翌日、やってきた神官長はチレの傷をみて驚いた。
「なんじゃこれは」
「どうかしたんですか」
「傷が、ほとんど塞がっておる」
「え」
チレも繃帯を解かれた自分の腹に目をやった。
「あり得んことだ。こんなに早く治るのは」
「そうなのですか」
神官長は傷口をさわさわと撫でて、呆気にとられた。
「痛みはどうだ?」
「もうまったくありません」
「たった一日で? まさか」
疑いの目で傷口を何度も確認し、チレの体温や脈拍を測る。
「気分はどうなのじゃ」
「すごくいいです。何か、力が漲るというか」
「……何という」
神官長は目を丸くして呟いた。
「こんなことは初めてじゃ。これは儂の力ではない。もしかして聖女様が何かそなたにしてくださったのか」
「ハクト様は私を治療しようとして失敗されました」
「失敗?」
チレは戦場でのハクトの治療について話した。
「そうか。では一体どういうことなのか……。これは儂にもよくわからん」
神官長も首を捻る。チレにも理由はわからなかった。
「まあ、何らかの奇跡が起きたことは間違いない。まずは気を抜かず、しっかり養生せよ」
「はい。わかりました」
そして次の日、チレは完治した。
傷口はきれいに消えてなくなり、ベッドからおりてスタスタと歩き回っても、飛びあがっても全然平気になった。むしろもっと動いて走って大声で叫び出したいくらいに元気だ。
「……これはまた」
神官長は驚き、言葉もなくチレを見つめた。
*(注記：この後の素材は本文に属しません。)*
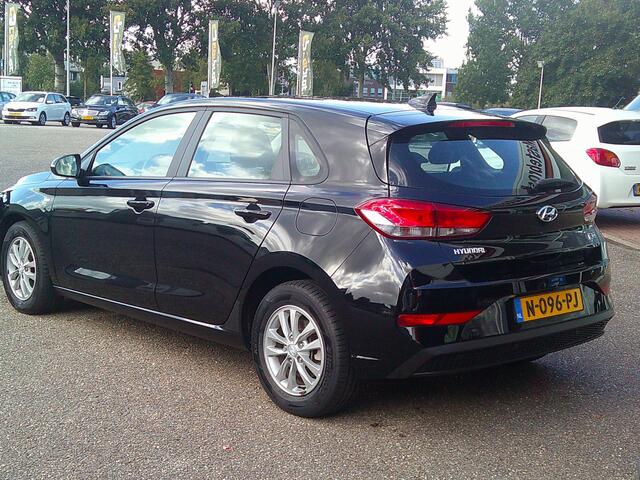 Hyundai I 30 1.5 T-GDi MHEV Premium Staat in Hardenberg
他の神官もビックリしている。
「奇跡じゃ」
「信じられません……」
目を剥く彼らに、しかしチレは何となく気づいていた。この回復力の速さは、やはりハクトのおかげではないのかと。
魔物に腹を切り裂かれて大急ぎで神殿まで飛んで戻ったあのとき、彼はずっと傷口を手のひらで押さえて祈ってくれた。『どうか助かりますように、死にませんように』と。その願いが魔力となって自分に注ぎこまれてくるのを、チレは朦朧とした意識の中で感じ取っていたのだ。
きっと彼の強い思いが死を撃退して、チレの命を守ってくれたのだろう。この回復力は、ハクトから与えられたものだ。それ以外の理由は考えつかない。
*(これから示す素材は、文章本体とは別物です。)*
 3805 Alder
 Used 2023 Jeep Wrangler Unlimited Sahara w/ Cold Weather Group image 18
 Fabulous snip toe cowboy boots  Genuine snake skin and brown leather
あの人はとても口が悪くて威張っているけど、心の奥にはちゃんと正義感がある。彼は本物の聖女だ。
そう考えると、チレの中から不思議な力がわいてきた。それは今まで体験したことのない、血が沸き立つような、地の果てまで飛んでいきたいような、心が奮える感覚だった。
ただの感謝ではなく、尊敬でもなく――これは、もしかして……。
心臓がドキドキと脈打って気持ちを急かせる。
――もしかして、これは……。
チレは胸を押さえた。
「何なんだろう」
十九歳で世話役に任命されて三百年。聖女相手にこんな気持ちになったのは初めてだ。
意地悪だけど恰好いい、異世界の男の人。彼のことを考えると、どうしてか被毛の下の地肌が熱くなる。
「きっと精気を分けてもらったせいだ」
チレは単純にそう結論づけた。
しかし、身体の中にはもっと大きな、不思議な秘密が潜んでいたのだった。